Hot Potato speaker hopes to bring clarity to students unsure about mixing religious and political beliefs.
By Ryan Flournoy
Americans should recognize the religious roots of their country, a city council aide said at the Oct. 20 Hot Potato lecture at the Methodist Student Center.
Jeff Bazan, special projects staff member to District 7 Councilman Cris Medina, said he wanted to help guide students through the historic and often heated argument over religion and politics.
“Religious issues play a big part in the discourse of politics in our country,” Bazan said. “It’s going to be very interesting in the next 20 years to see which way our country goes.”
The First Amendment protects freedom of religion and prohibits the federal government from laws that establish religion.
But Bazan, who spoke to a crowd of about 30 students and faculty, said this country’s political climate has always explored religious beliefs.
“America was founded as a country with Judeo-Christian values and I think, going forward, that should always be the backbone of our country,” Bazan said.
Bazan spoke about the major differences in religious practices by Republican and Democratic candidates.
“On the Democrat side, as far as religiosity goes, you have a lot more liberal Christians,” Bazan said. “More evangelist Christians and religious fundamentalists tend to support the Republicans.”

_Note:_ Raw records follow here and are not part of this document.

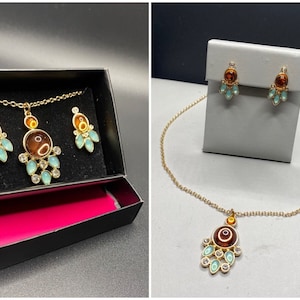 Avon Signature Collection Paradise Cove Necklace Earring Gold Tone Set NIB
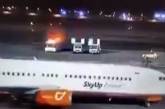 Появилось видео, как в Египте загорелся украинский самолет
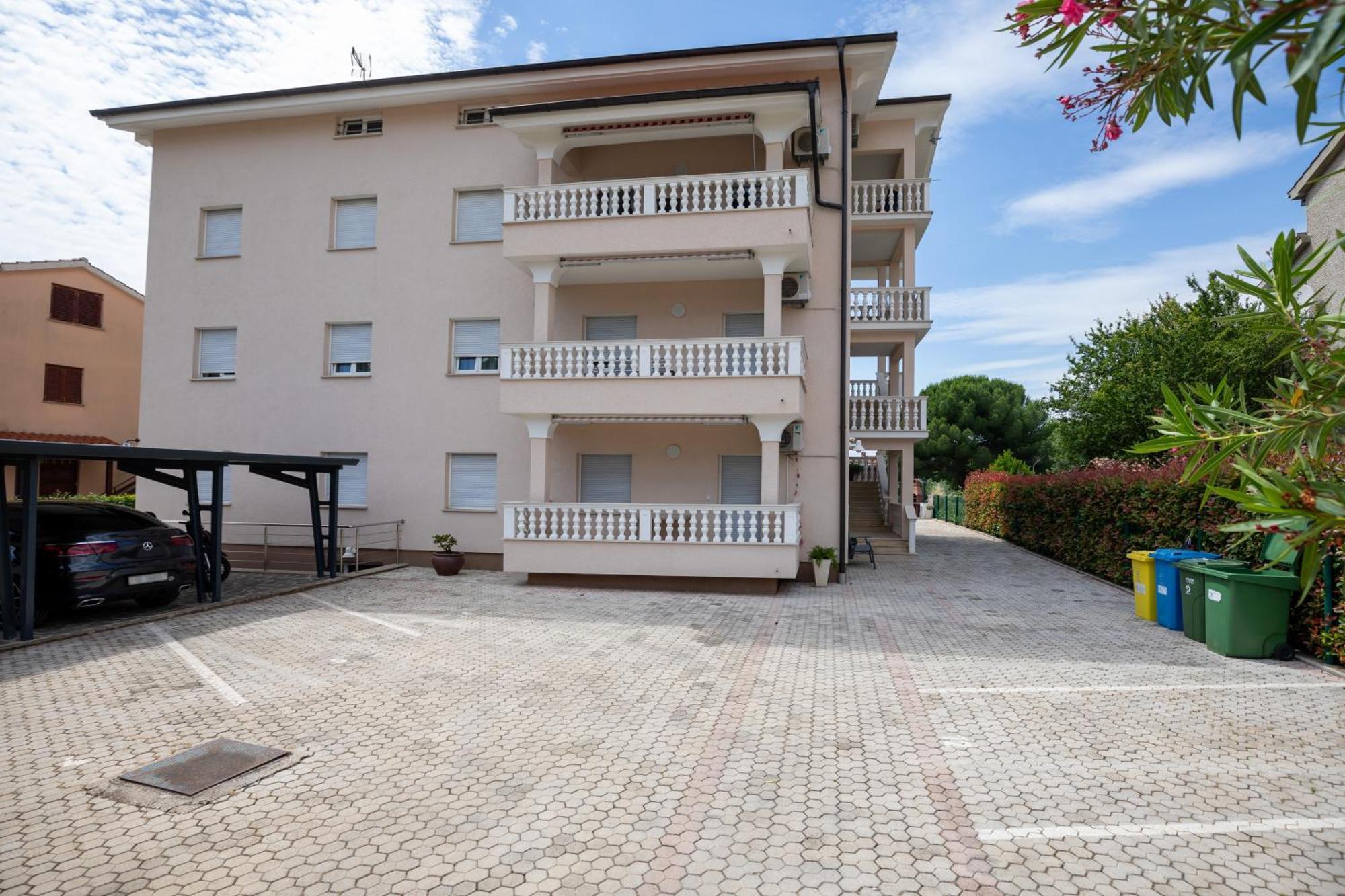 Apartments Lidija Matosevic Porec Exterior photo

Identifying himself as a traditional Catholic, Bazan supports governmental decisions that adhere to a set of strong Christian morals.
Bazan said this country is suffering from a deep divide stemming from cultural religious issues such as contraception laws, same-sex marriage and the death penalty.

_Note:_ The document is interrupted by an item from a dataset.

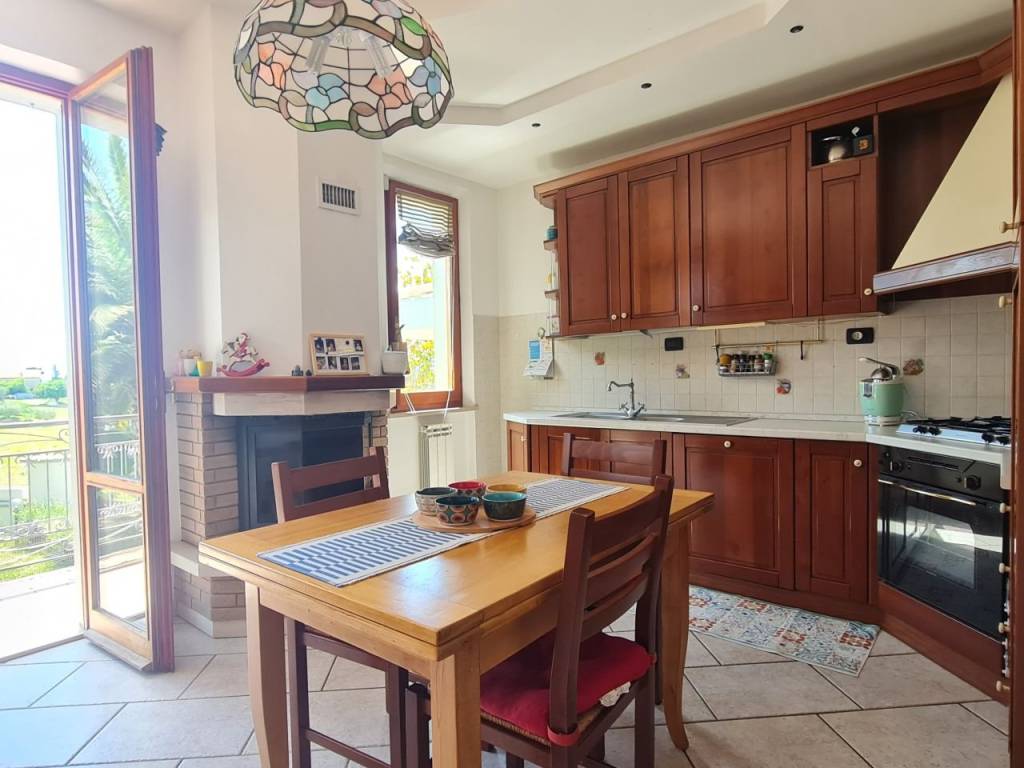 Appartamento a Belvedere ostrense in Via Enrico Berlinguer - Foto 2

In places in the South, like Alabama, polls reveal that over 90 percent of residents consider themselves traditional Christians.
Meanwhile, in northern states like Vermont or Oregon, the majority of people claim no religious affiliation at all.
Bazan recalled when the Supreme Court legalized same-sex marriage, a lot of county clerks in the deep South refused to issue same-sex marriage licenses because of their religious beliefs, whereas same-sex marriage has been legal in Vermont and Massachusetts for almost a decade.
“It seems like our country is getting torn apart based on those who have their views rooted in traditional religion versus those who base their views on their own conscience and no religious document,” Bazan said.
This conflict of religious conviction versus secular ideas often leads to a discussion of church and state, he said.
Bazan said the term “separation of church and state,” first coined by Thomas Jefferson, highlights the First Amendment’s intent to prevent the federal government from enforcing any religion as a universal law and allows individual states to worship without government interference.
Like U.S. Sen. Ted Cruz, a Republican from Texas, Bazan agrees certain civil issues should be determined by individual states like, “the legalization of gay marriage should have been made at a state level,” Bazan said.
He said religious beliefs play a role in the U.S. presidential campaigns.
“I believe there are various approaches of implementing traditional Christian values in politics,” Bazan said. “I think you’re going to see in the 2016 presidential election which way the Democratic Party is going and which way the Republican Party is going, as far as religion is concerned.”
“In the end you should vote for the candidate that best represents your ideas and opinions,” Bazan said. “That’s politics 101.”
An audience member asked Bazan to explain the value of his religion.
“Personally, I believe that at the end it offers me salvation,” Bazan said.
The center’s free Hot Potato lectures welcome students regardless of their religious affiliation. The campus ministry provides a baked potato for attendees.